昨今、トヨタの整備が変わりつつある。2024年10月から、トヨタオリジナル点検を廃止する販売店が増えているのだ。廃止理由には、クルマの性能向上やオイル性能の向上を挙げる販売店が多い。しかし、その背景には、もう1つ無視できない理由があった。点検廃止から見える、現在の自動車ディーラーの姿を見ていこう。
文:佐々木 亘/画像:ベストカーweb編集部、AdobeStock(トップ写真=Radhakrishna@Adobestock)
【画像ギャラリー】いかにして問題を解決していくか。ディーラーは今岐路に立たされている(3枚)画像ギャラリー相次ぐ6カ月点検の廃止
クルマを保有する人が受けなければならない点検は、法律で定められている。それが法定12か月点検や車検(法定24か月点検)だ。これに加えて、トヨタでは独自に新車1ヶ月点検・新車1ヶ月点検と、法定点検と法定点検の間にトヨタオリジナル点検を実施している。
今、続々と廃止をアナウンスされているのが、トヨタオリジナル点検と新車6ヶ月点検の部分。
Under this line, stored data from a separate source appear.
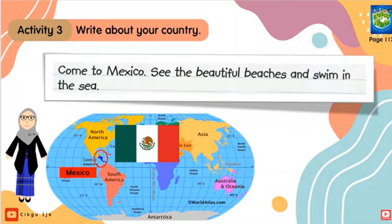These are imperative sentences — 'come', 'see', 'swim' — all use the base form of the verb. Verb means action word. 'Come' means datang, 'see' means lihat, 'swim' means berenang. So: Come to Mexico, see the beautiful beaches, and swim in the sea.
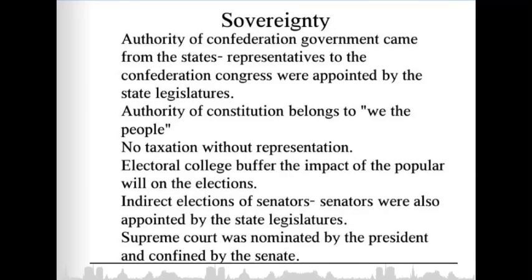Regarding sovereignty, the authority of the confederation government came from the states, and representatives were appointed by state legislatures. Under the Constitution, authority belongs to 'We the People,' with no taxation without representation. The Electoral College buffered the impact of popular will on elections, and senators were also appointed by state legislatures. The Supreme Court was nominated by the president and confirmed by the Senate.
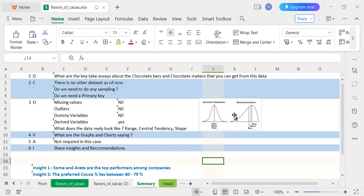Hi everyone. Today we are here to take this project on the flavors of cocoa, which was based on a survey of people who came and gave their rating for different flavors of cocoa chocolates.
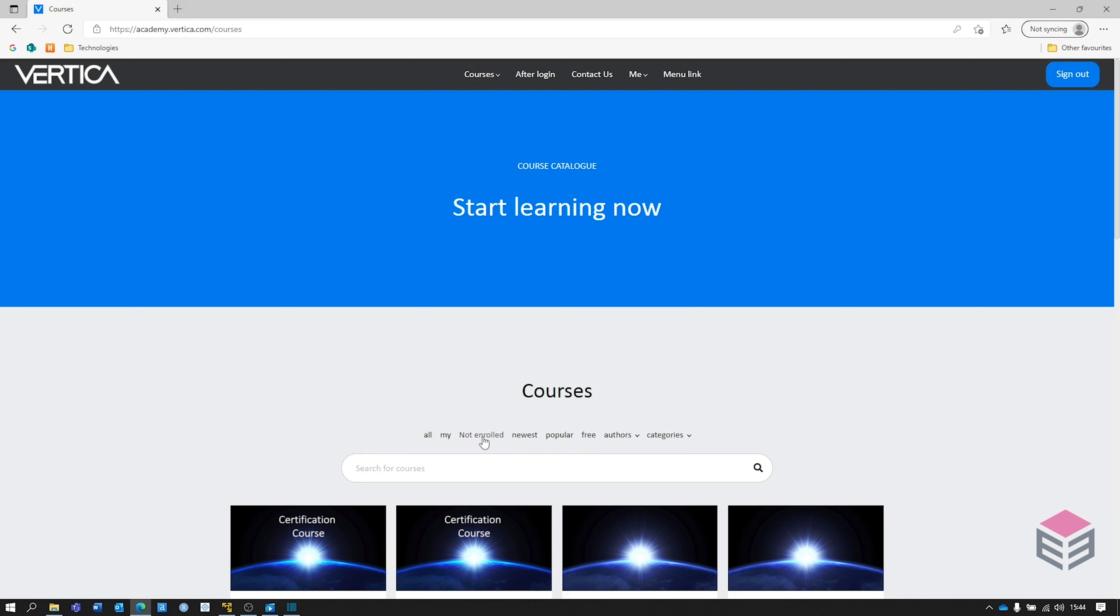This video hopefully gave you a good insight into what Vertica looks like and some of the terminologies. Of course, I recommend that you actually go in and do some of the courses yourself just to get a better understanding. Hope you found this video useful.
「プロケア10」や「6ヶ月My点検」という名称で行われていたサービスだ。
ブレーキ・シートベルト・ワイパー・ライト・油脂液類・ベルト類・下回り・ウォーニングランプ・タイヤ・エンジンと、10項目の点検が行われる。
これらの6ヶ月点検は、ディーラーが推奨するメンテナンスパックの中に組み込まれていた点検であり、6か月のオリジナル点検と同時にエンジンオイル交換が行われていた。
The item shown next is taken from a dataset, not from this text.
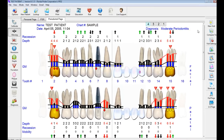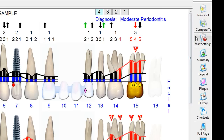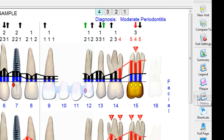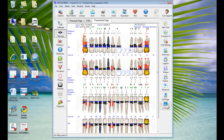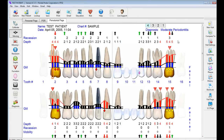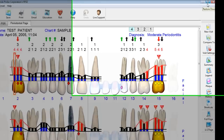On the right-hand side, once you've collected all of the data, this allows you to view how you want to see the data. We could create a new visit for this patient, compare it to a specific visit, control the visit settings or what we're going to chart in the future. We can look at the summary, legend, plaque data, history, per tooth, a shortcut screen, view the entire visit on one page, a half-page view, or expand it to the maximum size for the screen.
点検廃止の理由に挙げているのが、車両性能の向上とオイル性能の向上である。つまりは、オイル交換が半年ごとの推奨ではなく、1年ごとの推奨に変わるということ。
消耗部品の交換サイクルが長くなったのは、ユーザーとしてはありがたいことなのだが、素直に喜んでいいことなのか、少し引っかかる部分も残った。
【画像ギャラリー】いかにして問題を解決していくか。ディーラーは今岐路に立たされている(3枚)画像ギャラリー廃止の裏にある解消されない人員不足
トヨタのサービスで思い出されるのが、数年前に相次いだ不正車検。この時、改善すべき問題として挙がったのが、エンジニアの人員不足および高負荷状態だった。
各ディーラーは働き方改革を遂行し、整備士の確保にも努めたのだが、こうした努力が限界にきたことを、今回の6ヶ月点検廃止から読み取ることができる。つまりは、エンジニアの負担を減らし、法定点検を優先させるために、乗用車の6か月点検は無い方が良いという結論に至ったということ。仕事の効率化を図ったのだ。
前向きな販売店改革とは言い難いが、整備のキャパシティーが決まっているディーラーにおいて、問題を解決するために行った大英断だと筆者は考えている。点検自体が「ムダ」だとは言えないが、6ヶ月点検を行うことで「ムリ」が生じているのは事実。
トヨタ販売店もカイゼンを回した結果、ムリを取り払う決断をしたということであろう。
【画像ギャラリー】いかにして問題を解決していくか。ディーラーは今岐路に立たされている(3枚)画像ギャラリー営業接触回数を減らしても工場の負担は減らさなければならない
プロケア10や6ヶ月My点検は、メンテナンスパックの中に組み込まれてしまうと、不採算な仕事となってしまっていた。ただ、なぜ不採算な仕事をここまで続けてきたのかというと、点検の回数=車販につながる営業活動の回数とされていたからだ。
特に販売店の中でN-6(エヌロク)と呼ばれていた車検6か月前のオリジナル点検では、買い替えにつながる最も大きな機会として、重点的に営業活動が行われていた。実際にN-6で成約につながるケースも多く、ここを削ってまでも整備の工数を減らさねばならない状況にあるのが、現在のディーラースタッフの台所事情なのだろう。
もちろん、執筆時点ではすべてのトヨタディーラーがオリジナル点検をやめているわけではない。しかし、業界の事情を考えれば、1年ごとの点検がスタンダードになっていくと思う。
ムリを無くして、効率化に舵を切ったトヨタディーラー。課題となっているサービス業務過多が解消され、また生き生きとした姿が見られることを強く願う。